7 de julho de 2012

What the Microsoft Culture Is Doing to Education


 Diane Ravitch's blog


by dianerav
Paul Thomas has written a blog that explores the destructive nature of the Microsoft culture and how that culture is now affecting and demoralizing public education. Thomas is reacting to an article in Vanity Fair that is a must-read.
The "cannibalistic culture" that Thomas critiques is derived from a method of employee evaluation called "stack ranking," where every unit is required to rank everyone in the unit, to identify the best, the average, and the worst, no matter how good everyone might be. By design, someone loses.
This competitive culture has not been good for Microsoft and is wreaking havoc on American public education, whose goal is equal educational opportunity, not the survival of the fittest. It is ruinous for collaboration on which good schools depend.
It turns out that "stack ranking" is also known as "forced ranking," and that it is a common practice in some big corporations. It was popularized by Jack Welch of GE. The idea was that you rate your employees from best to worst, and fire the worst. If all of them are really doing a terrific job, that's too bad, you fir the bottom batch anyway, and repeat the process again next year.
One of the reasons I strongly recommend that you read the article in Vanity Fair is for the comments that follow. Here are a few samples:
I worked for IBM for a long time, and I definitely agree that "stacked ranking" in a company immediately and effectively kills all creativity in a team.

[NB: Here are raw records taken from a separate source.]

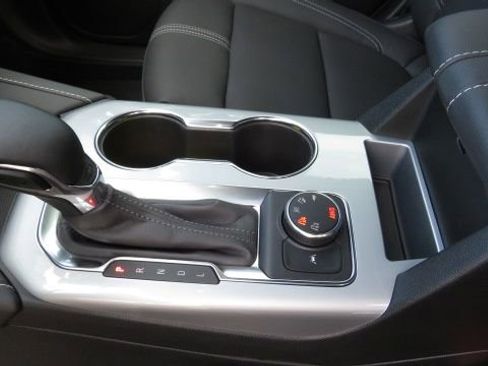 Used 2024 Chevrolet Blazer LT w/ Midnight/Sport Edition image 18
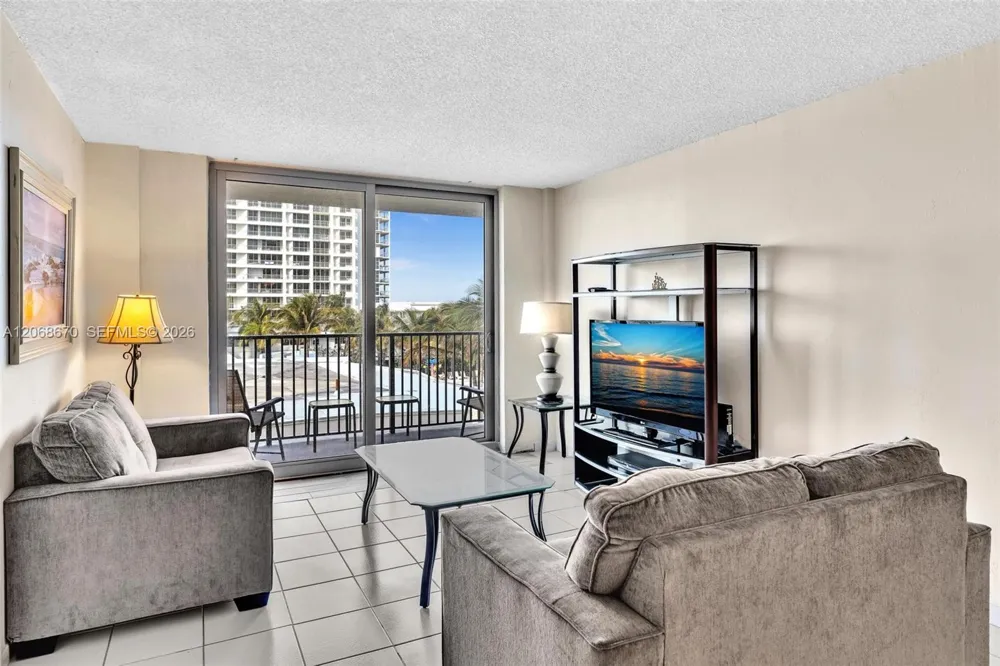 9273 Collins Ave #308 Surfside, FL 33154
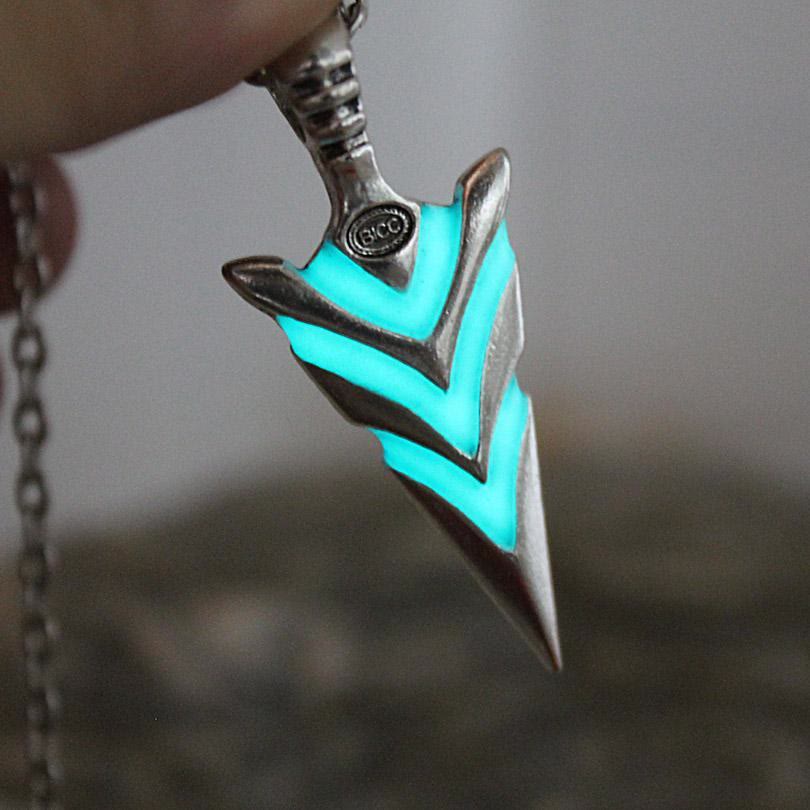 Flash Sale - WorldNorse Glow In The Dark Arrowhead Necklace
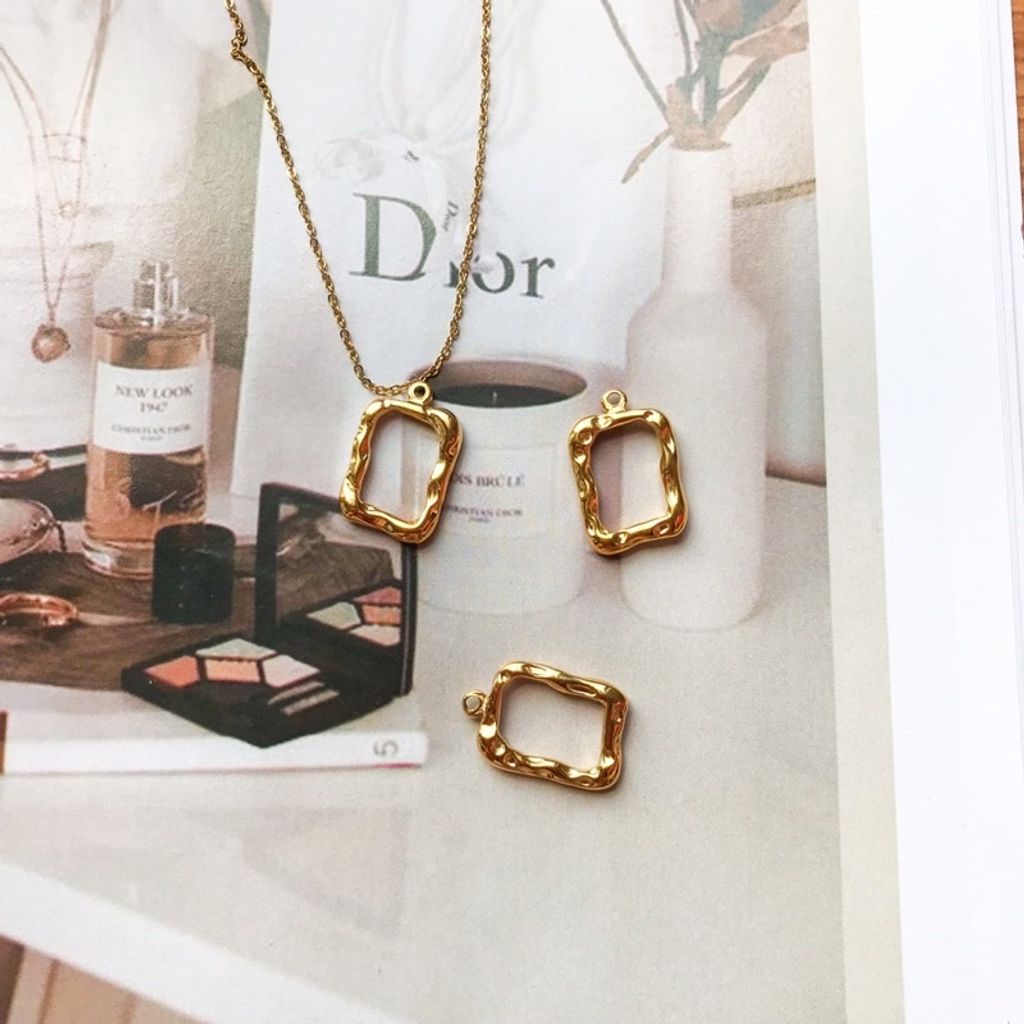 Stainless steel droplet square minimalist pendant - D) Big rectangle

No matter how brilliant anyone (or even everyone) on a team is, the majority of them will be relegated to mediocre-to-poor ratings year-after-year, while one or two of their higher-profile counterparts take the top rankings. Depending on the team, these top-ranked may truly be the best in the group, or they may just be more friendly with the manager or have a role within the team that gives them more exposure to their superiors. These rankings, as meaningless as they are, then affect every aspect of an employee's career, from raises and bonuses to advancement opportunities, to job security during periods of layoffs. When I left IBM I promised myself I would never work for another company engaging in this absurd practice.
Taking platform developers and throwing them against hard goals and deadlines kills your ability to adapt. Management and project stakeholders end up making too many decisions about the technology away from the people who know it best – the people building it. To show progress and keep management happy, engineers shift their focus to tangible deliverables and ignore the pieces management can't understand, like the underlying architecture. You start going down the path of building lots of bells and whistles, but nothing solid that you can competitively leverage.
Stack ranking is where they throw all the people in a work group together in a pit and let them eat each other. Afterward, the survivors are ranked according to ability by people who don't actually work with them directly, thus permitting the lead to apologize in a credible fashion when someone who has been an excellent employee for at least 12 years (rarely less - and if you've been there over 15 years, you have a bullseye on the back of your head) given gleaming gold stars for performance for the last six months, suddenly has a big fat goose egg review and is escorted out the door for nonperformance issues.
At Enron, the same practice was called "Rank and Yank." The traders who made the most money were ranked at the top. The ones who made the least were  yanked. And we know what happened to Enron.